* **Dataset excerpt**
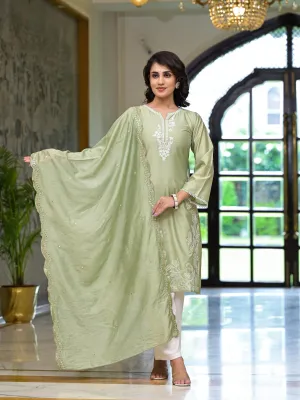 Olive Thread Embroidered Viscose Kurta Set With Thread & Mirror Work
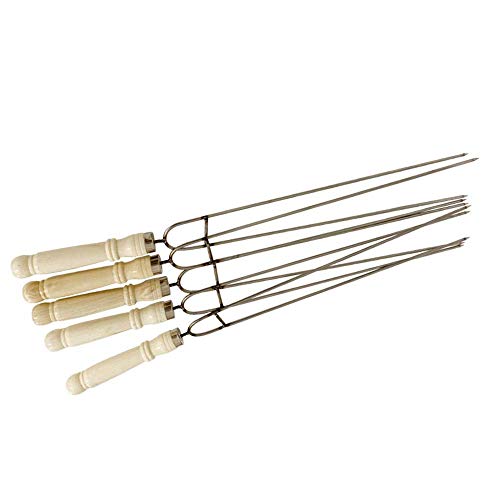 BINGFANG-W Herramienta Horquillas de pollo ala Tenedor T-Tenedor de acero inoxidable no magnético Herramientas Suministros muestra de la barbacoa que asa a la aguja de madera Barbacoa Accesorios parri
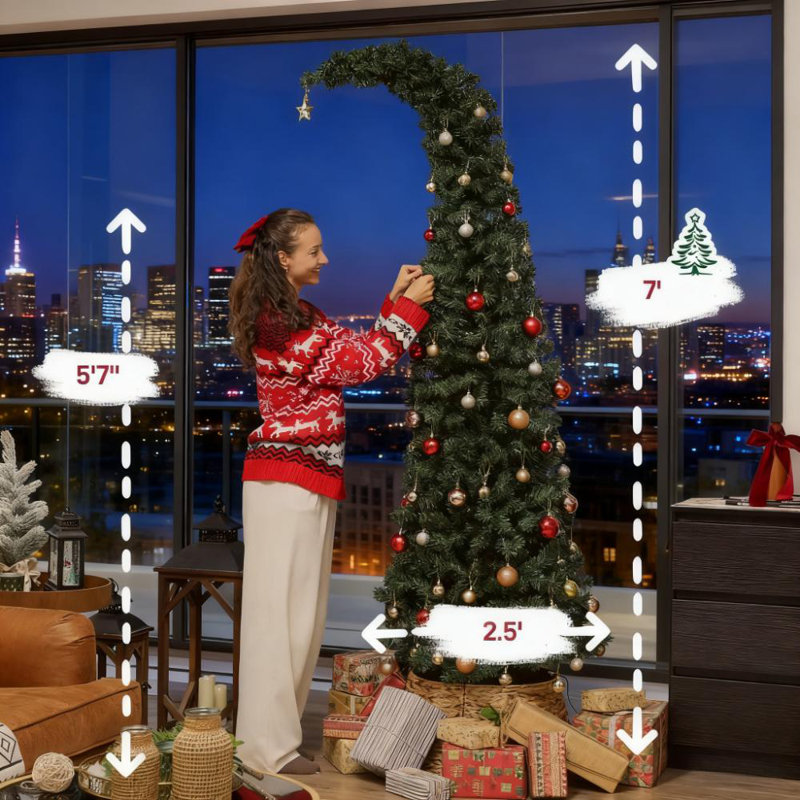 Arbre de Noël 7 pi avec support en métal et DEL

* **Try it**
All of the lines above must be repeated without alteration, though the pictures are to be excluded.

* **Exercise solution**
 Olive Thread Embroidered Viscose Kurta Set With Thread & Mirror Work
 BINGFANG-W Herramienta Horquillas de pollo ala Tenedor T-Tenedor de acero inoxidable no magnético Herramientas Suministros muestra de la barbacoa que asa a la aguja de madera Barbacoa Accesorios parri
 Arbre de Noël 7 pi avec support en métal et DEL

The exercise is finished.